▶ _What you have to do_
Copy, in full, each line of the material that holds the word "Comfort".

▶ _Extracted information_
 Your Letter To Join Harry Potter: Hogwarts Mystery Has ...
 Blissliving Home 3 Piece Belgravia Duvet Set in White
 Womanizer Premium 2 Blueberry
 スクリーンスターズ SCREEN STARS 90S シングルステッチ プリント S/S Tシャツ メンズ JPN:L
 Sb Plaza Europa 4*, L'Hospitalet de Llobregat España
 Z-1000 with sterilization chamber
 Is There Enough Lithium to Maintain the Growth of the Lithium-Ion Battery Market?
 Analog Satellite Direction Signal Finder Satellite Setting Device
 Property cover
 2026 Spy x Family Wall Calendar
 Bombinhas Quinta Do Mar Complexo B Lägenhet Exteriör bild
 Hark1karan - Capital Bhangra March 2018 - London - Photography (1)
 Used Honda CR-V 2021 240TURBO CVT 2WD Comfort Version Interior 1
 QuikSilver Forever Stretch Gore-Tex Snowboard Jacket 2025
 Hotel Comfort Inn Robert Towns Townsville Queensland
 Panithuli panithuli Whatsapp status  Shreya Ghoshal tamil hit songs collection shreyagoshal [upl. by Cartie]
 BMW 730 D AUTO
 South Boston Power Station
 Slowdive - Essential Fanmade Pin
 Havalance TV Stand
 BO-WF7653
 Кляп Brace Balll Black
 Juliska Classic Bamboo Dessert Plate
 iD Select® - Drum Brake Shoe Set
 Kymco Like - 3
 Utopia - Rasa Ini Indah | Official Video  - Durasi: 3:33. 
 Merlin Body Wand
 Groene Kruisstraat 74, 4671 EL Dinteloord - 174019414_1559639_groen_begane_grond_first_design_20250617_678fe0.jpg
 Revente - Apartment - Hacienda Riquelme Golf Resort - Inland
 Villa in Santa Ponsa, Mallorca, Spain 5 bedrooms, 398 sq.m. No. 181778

▶ _Expected answer_
 Used Honda CR-V 2021 240TURBO CVT 2WD Comfort Version Interior 1
 Hotel Comfort Inn Robert Towns Townsville Queensland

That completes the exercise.